I’ve listed the home for sale significantly below that number over the last year and I’ve had many lookers but no great offers. I’ve made every improvement or change suggested by my real estate agent, but the most recent offer was 30 percent less than my listing price.

Would it be possible to take a look at what’s viewable on the web and maybe spot some serious defect or drawback that’s causing lookers to back off and not even consider making an offer?

A: The market is rather interesting these days, but not in a good way. There are many fewer buyers out there than in past years. The Great Recession has been one reason there are fewer buyers, but greater scrutiny by lenders has affected the real estate market as well. We’re also seeing a general decline in real estate market prices, which has been relentless in places like Atlanta, Phoenix, Las Vegas and just about the entire state of Michigan.

While you can go to various websites and view general market conditions, you have to take the information given to you by these information as general information and not truthful and reliable information for you.

For example, you can input your address into Zillow.com to get a gauge of where property values have gone in your general area and what that site believes your property value has been and is today. With this information, you can get a sense of market conditions in general and may get a sense of how those market conditions may have affected your ability to sell your home.

In some communities, you might see that the real estate market has come down 10 or 20 percent, while in others the prices have come down up to 70 percent. In areas such as Las Vegas, parts of California and Arizona, and areas in southern Florida, among many, housing prices have collapsed. In Manhattan and around Washington DC, the housing market has not gone down much if any, but rather pricing has recently increased.

However, you may not be able to rely fully on Zillow’s specific market conditions for your home. Your own list price for your home affects how Zillow determines what your home is worth. But if you see that other homes that are similar to yours in your neighborhood have had a declining pricing trend while you have had your home on the market, you might realize that you may have been chasing the market down with your home’s price.

From an emotional perspective, chasing the market down is one of the hardest things you can do. You might find that you have lowered the price on your home, but that each time you listed your home for less, you were behind the current market. So each successive price decline was not sufficient to push you ahead of local market conditions.

We have a home in our neighborhood that was listed for $900,000 when the market was at its peak. But at that point the home was overpriced and there were many lookers but no buyers. As the housing market deteriorated, the owners reduced the price, but never enough to entice buyers that had become accustomed to other homes in the market that were priced lower.

Today, that same home is listed for around $550,000 with few people taking a look at it. You can buy a bigger home in better condition in a better location for that price or less.

You may be in a similar situation. You need to take an objective view of your property. While you may have taken at heart the many recommendations your real estate agents have given you over time, price may be the major determinant in this market to selling your home.

While you can look at the past to see what you might have or could have done, your market to sell your home is today’s real estate market. You need to look at other properties in your neighborhood and community and objectively see those other homes and compare them to yours.

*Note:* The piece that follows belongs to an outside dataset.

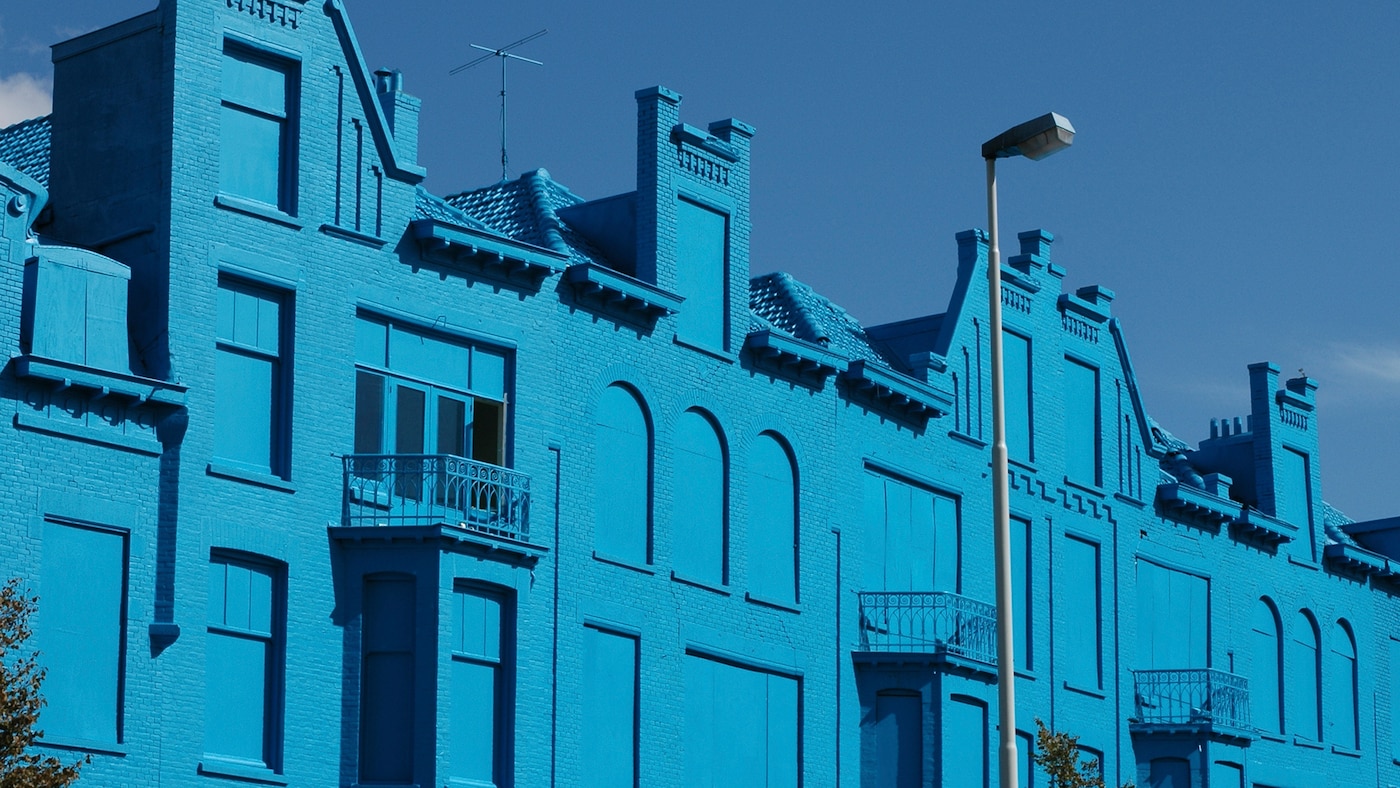 Row of striking blue houses in Rotterdam.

When you look at other homes, you may find that some of them are larger, newer, recently rehabbed, and are in better locations, closer to certain amenities, have a better lot configuration, have a better design or have other features that your home does not have. Once you look at your home and other homes objectively, you can make a determination as to whether your home is priced properly to be sold in the current market.

With our neighbor, the property is competing with many other homes in our community. Our neighbor’s home is older, on a busy street, with a home that does not meet the needs of most people moving into the community. However, our neighbor still sees the property as a valuable commodity that should fetch the price she has set for the property.

Unfortunately for our neighbor, most buyers look at other homes that are newer, in better condition, on better streets that are cheaper and never even take a look at our neighbor’s home.

For you to sell your home, you must overcome the issue that can best be described as what you “must get” when you sell the home. In today’s market, it isn’t what you must get, but what a buyer wants to pay for your house. If there is a disconnect between those two concepts and what you “must get” is above where the market is currently, your home will linger on the market.

Often we hear real estate agents complain about sellers who have decided that they “must get” a certain amount for their home. Those real estate agents will complain that those are the hardest sellers to work with because in their minds they are unable to understand that the housing market may be far below what their hopes are and that listing their home at a price way above the market may hurt their prospects to sell their home.